Sam Mensa
TT

Erdoğan, İran modeli ve Arap politikasının yeniden üretimi

Hamas Siyasi Büro Başkanı İsmail Heniyye’nin 1 Eylül’de Beyrut’a düzenlediği ziyareti sırasında değindiğimiz İran-Türkiye flörtleşmesi giderek daha açık hale geliyor. Şii ve Sünni radikalizm, ortak bir düşmana karşı savaşmak için birleşip, işbirliğine yönelmiş görünüyor.
Arap bölgesi, on yıllardır birden fazla ülkede İran yayılmacılığına tanık oluyor. Şimdi de bölgede ve dışında neredeyse Müslüman Kardeşler Örgütünün ana destekçisi haline gelen İslamcı AK Parti liderliğinde Erdoğan Türkiye’si, birden fazla yerde askeri maceralara girişerek İran modelini taklit ediyor. Bir yandan Azerbaycan ile Ermenistan arasında Dağlık Karabağ sorunundan kaynaklanan çatışmalara müdahil olurken, diğer yandan Libya, Suriye ve Irak özellikle de Kürdistan bölgesindeki çatışmalara doğrudan katılıyor. Bunlara, Yunanistan ve Güney Kıbrıs Rum Cumhuriyeti (GKRY) ile doğalgaz sahalarıyla ilgili anlaşmazlığı nedeniyle Doğu Akdeniz’de potansiyel müttefikleriyle arasındaki ihtilaflar da ekleniyor.
Suriye’de rejim kuvvetleri, Iraklı ve Lübnanlı milis güçleri ve İran Devrim Muhafızları uzmanları ile birlikte savaşmaları için Afganistan, Pakistan ve diğer ülkelerden savaşçı unsurlar getiren İran gibi Türkiye de bu sonu düşünülmemiş maceralara girişiyor. Aynı yöntemi benimseyerek dışarıdan ya da komşu çevrelerden getirttiği paralı askerleri kullanıyor. Şii Hizbullah örgütü, kuruluş nedenini İsrail’e karşı direnişe dayandırıyor ama gerçekler, önceliğinin İran’ın yayılmacı çıkarlarını korumak olduğunu ortaya koydu. Bu nedenle direnişi süresince diğer tüm Lübnanlı direniş örgütlerini ortadan kaldırdığını, direnişi tekeline alarak amaçlarına hizmet eden bir kart olarak Tahran’a teslim ettiğini gün yüzüne çıkardı. Şimdi de Hamas, 1987’de İsrail işgaline direniş sloganı ile kuruluşundan 30 yıl sonra, Erdoğan’ın emri altında Müslüman Kardeşler projesine hizmet ediyor. Hatta Filistin cephesinde derin bir bölünmeye neden olan performansı ile neredeyse işgalciye hizmet ediyor.

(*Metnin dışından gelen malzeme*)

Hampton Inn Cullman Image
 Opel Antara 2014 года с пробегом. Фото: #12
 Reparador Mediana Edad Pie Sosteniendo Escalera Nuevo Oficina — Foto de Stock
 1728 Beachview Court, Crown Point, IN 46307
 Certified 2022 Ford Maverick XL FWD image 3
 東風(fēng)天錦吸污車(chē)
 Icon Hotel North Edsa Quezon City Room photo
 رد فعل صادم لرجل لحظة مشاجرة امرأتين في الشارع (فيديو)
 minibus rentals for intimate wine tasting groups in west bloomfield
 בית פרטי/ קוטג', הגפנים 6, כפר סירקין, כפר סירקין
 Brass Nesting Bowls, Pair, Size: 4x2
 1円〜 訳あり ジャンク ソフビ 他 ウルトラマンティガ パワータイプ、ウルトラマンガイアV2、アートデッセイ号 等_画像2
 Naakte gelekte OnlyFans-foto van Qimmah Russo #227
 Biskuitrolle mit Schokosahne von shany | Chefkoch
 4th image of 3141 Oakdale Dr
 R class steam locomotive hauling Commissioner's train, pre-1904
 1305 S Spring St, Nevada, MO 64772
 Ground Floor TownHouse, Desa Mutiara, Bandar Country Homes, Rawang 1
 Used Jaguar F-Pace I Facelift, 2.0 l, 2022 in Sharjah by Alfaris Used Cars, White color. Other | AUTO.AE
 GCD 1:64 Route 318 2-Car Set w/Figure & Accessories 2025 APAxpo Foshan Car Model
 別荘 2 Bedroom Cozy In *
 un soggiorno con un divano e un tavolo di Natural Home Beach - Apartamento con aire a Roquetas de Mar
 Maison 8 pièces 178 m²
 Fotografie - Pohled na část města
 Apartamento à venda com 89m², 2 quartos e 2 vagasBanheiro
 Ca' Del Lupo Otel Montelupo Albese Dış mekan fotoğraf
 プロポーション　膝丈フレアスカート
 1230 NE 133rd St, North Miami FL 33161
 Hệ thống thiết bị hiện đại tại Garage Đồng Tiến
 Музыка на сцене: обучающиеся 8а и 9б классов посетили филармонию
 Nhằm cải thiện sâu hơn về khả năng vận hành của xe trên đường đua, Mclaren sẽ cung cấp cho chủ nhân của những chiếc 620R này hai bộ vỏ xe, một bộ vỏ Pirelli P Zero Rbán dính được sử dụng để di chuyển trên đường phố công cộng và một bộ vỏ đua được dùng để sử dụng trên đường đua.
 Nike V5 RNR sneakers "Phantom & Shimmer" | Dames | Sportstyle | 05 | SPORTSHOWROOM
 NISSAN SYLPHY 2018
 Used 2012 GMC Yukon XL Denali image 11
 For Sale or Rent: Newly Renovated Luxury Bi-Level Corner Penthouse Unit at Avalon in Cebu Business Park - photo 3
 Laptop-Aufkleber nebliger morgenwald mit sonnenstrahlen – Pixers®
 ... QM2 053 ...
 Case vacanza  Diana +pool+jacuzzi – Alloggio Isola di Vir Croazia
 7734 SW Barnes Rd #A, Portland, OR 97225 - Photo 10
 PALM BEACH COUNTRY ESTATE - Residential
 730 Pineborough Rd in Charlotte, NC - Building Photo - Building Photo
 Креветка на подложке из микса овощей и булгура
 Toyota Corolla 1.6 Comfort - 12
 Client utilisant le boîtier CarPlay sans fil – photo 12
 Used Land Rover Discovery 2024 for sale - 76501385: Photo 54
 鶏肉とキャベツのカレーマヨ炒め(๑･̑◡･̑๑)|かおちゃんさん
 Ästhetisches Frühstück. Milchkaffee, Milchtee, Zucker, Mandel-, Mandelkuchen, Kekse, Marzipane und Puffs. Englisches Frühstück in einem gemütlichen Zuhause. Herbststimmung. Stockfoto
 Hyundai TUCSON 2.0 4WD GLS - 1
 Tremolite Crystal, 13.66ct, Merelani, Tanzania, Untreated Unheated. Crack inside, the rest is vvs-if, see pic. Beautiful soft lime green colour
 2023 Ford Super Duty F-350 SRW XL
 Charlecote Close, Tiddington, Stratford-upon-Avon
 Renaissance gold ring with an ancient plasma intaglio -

Tabii ki asıl mesele, İran ve Türkiye maceraları arasındaki paralellikleri göz önüne sermek değil. Önemli olan, aralarında pek çok ihtilaf, bölgede ve ötesinde birden fazla eski ve yeni meseleler bulunmasına rağmen bu iki ülkenin, özellikle Türkiye'nin NATO ve genel olarak Batı ülkelerinden uzaklaşmasından sonra, birden fazla konuda çıkarlarının ve hedeflerinin kesişmeye başlamasıdır. İlişkilerinin rekabet ve sallantılı bir durumdan Arap çıkarlarına karşı yakın ve güçlü bir işbirliğine evrilmesidir.
Nitekim İran, Türkiye, Katar ve "Hamas" arasında, çerçevesini Rusya ve Çin’in verdiği küresel desteğin çizdiği, yeni bir bölgesel ittifakın doğuşuna dair birçok emare var. Bilindiği gibi, siyasette ittifaklar olağan ve normaldir ama bölgedeki ezici kaosun ortasında iki uç arasında meydana geldiğinde yıkıcıdır. Yanmakta olan ateşe benzin dökmektir.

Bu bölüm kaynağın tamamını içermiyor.